- In a complaint to the U.S. Department of Education and the Pennsylvania Human Relations Commission, a group called Concerned African American Parents (CAAP) alleges that black students comprised 7.3 percent of Upper Dublin’s 4,232 students last year but received 45 percent of the suspensions.
- Filed for the parents by the Public Interest Law Center, the complaint also says that not one black student was in the gifted program in the district’s four elementary schools and middle school.

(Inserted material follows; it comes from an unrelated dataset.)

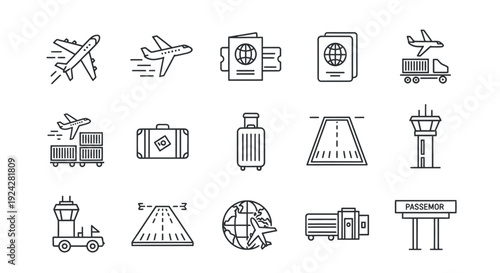 Collection of simple line icons related to air travel and airport services.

- Lawson said the group wants the district to eliminate the lowest of its three tracks, which has a disproportionate number of students of color and where “unfortunately, not a lot of learning goes on.” Without that bottom track, students would be integrated into higher-level courses, Lawson said.
Questioning the Facts?
7% receive 45% of suspensions. Isn’t the better question whether the 45% that were suspended deserved of the suspensions? Are they saying that white students are not getting suspended for the same acts? If you have evidence of this, you can make this kind of point. If you don’t, you have nothing. You can’t just throw out some percentage and claim there is a problem. If students act poorly, they get suspended with an unbiased opinion towards race. THAT’S THE WAY IT’S SUPPOSED TO BE.
There are no gifted black students in elementary school? If you have a child that you think is gifted, and they test into the gifted program, are you saying that Upper Dublin is specifically not allowing these types of students if they are black? That would be discrimination. I have a hard time believe that’s what is happening. Once again, produce the results.

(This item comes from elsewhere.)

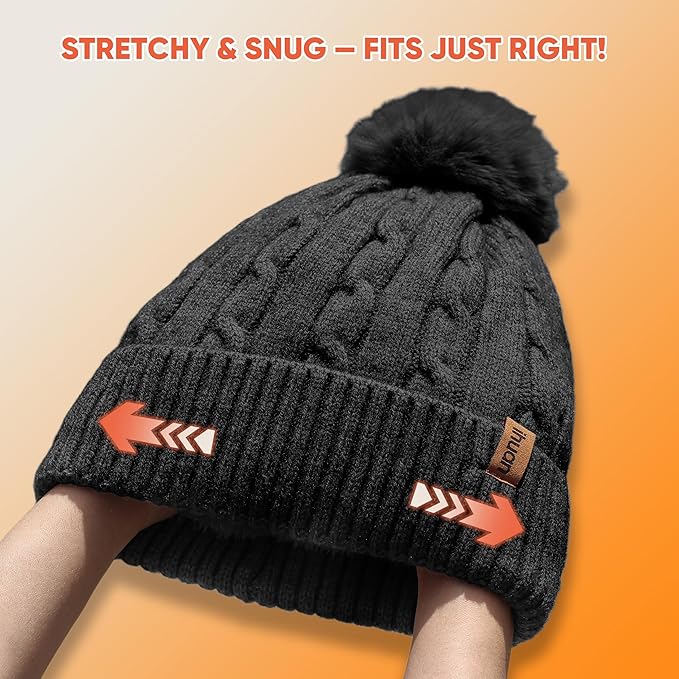 ihuan Winter Hat Scarf Gloves Warmer Christmas Gifts, Warm Knit Beanie Hat Touch Screen Gloves Set Neck Scarves for Women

Eliminate track 3? I don’t care if you call it track 2.1, there is a reason why a student is placed in a certain level. This isn’t a perfect world. Not every child is of equal intelligence. Students learn at different rates. I’m sure studies have been done that backs up the learning process of learning with like minded peers. The problem isn’t with classes being called track 3.
Arguments can be made that the teachers are not fully equipped to handle track 3 students. That’s an actual argument. An argument saying that track 3 students should be lumped in with track 2 students is a good way of saying that our children would be better suited for track 2. Let’s experiment then. Move all the curriculum in track 3 classes to track 2. You think putting track 3 students with track 2 students is magically going to turn them into better students? More than likely they’ll feel even further behind and act even worse!
This thinking just riles me up because although it is done with good intention, it isn’t focusing on the proper ways of getting results. I get that parents have talked to teachers and board members and nothing is happening in improving the behavior of their children. Maybe the only way to get their attention is by suing. It doesn’t feel right though to point out discrimination when it’s most likely a deeper problem. Like, hmmm, maybe you could spend more time raising your child appropriately? Oh shit, let the fireworks begin.